*** Task input Section Begins ***

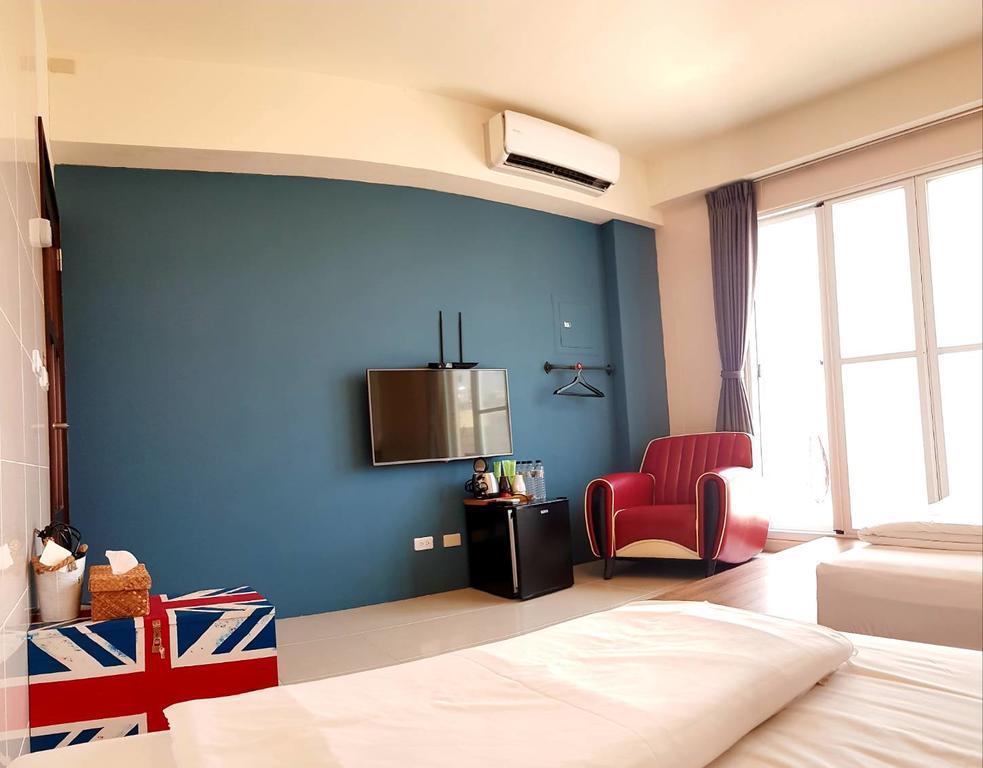 22 B&B Donggang Exterior foto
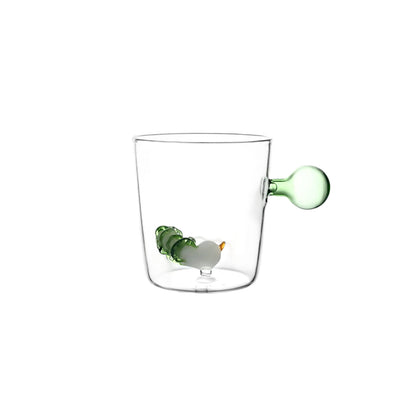 Ornament Base Mug - Ichendorf Style Ball Handle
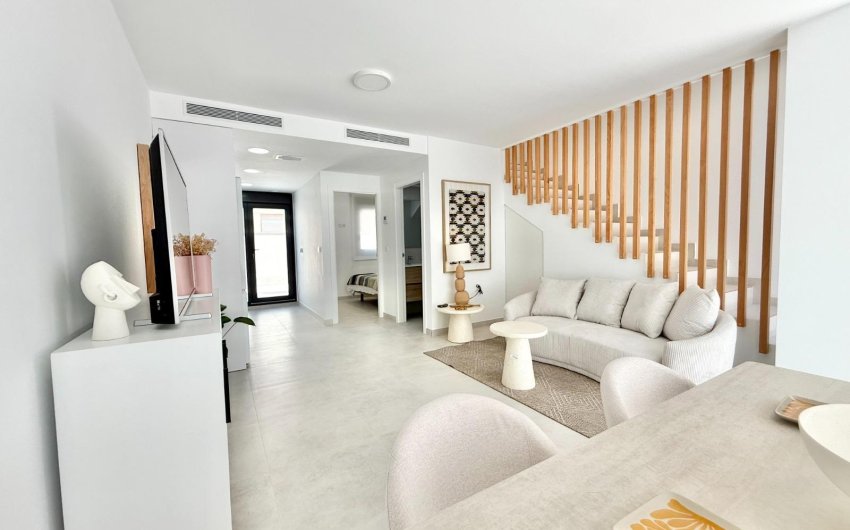 Nieuwbouw Woningen - Town House -
Cox - San Fernando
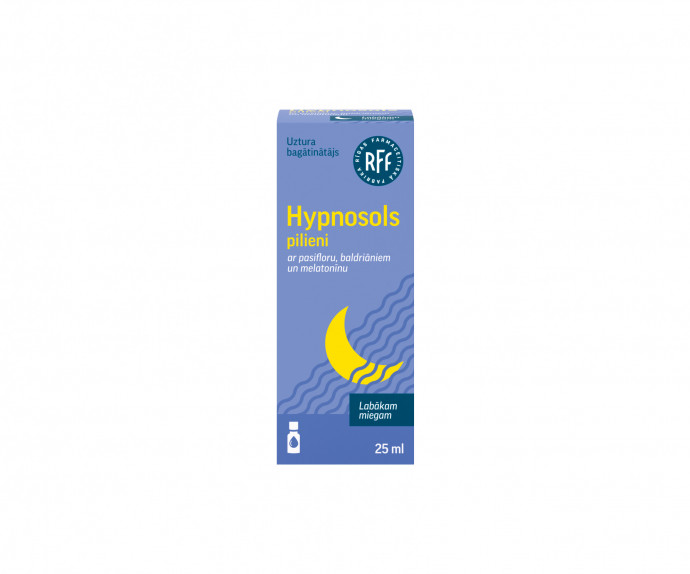 HYPNOSOLS PILIENI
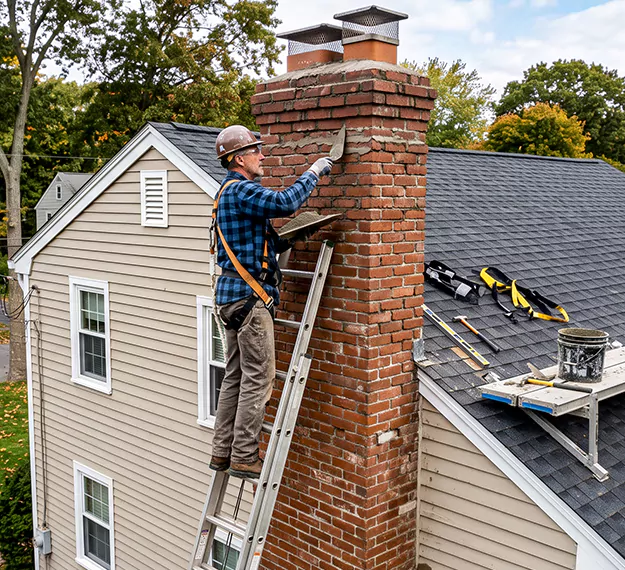 Certified Chimney Masonry Repair Company: Your Local Mason Chimney Service in La Mirada, CA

*** Task input Section Ends ***

## What needs to be done
Extract only the lines from the one that contains "Cox - San Fernando" through the end of the records, inclusive, and omit every picture.

## Answer box
Cox - San Fernando
 HYPNOSOLS PILIENI
 Certified Chimney Masonry Repair Company: Your Local Mason Chimney Service in La Mirada, CA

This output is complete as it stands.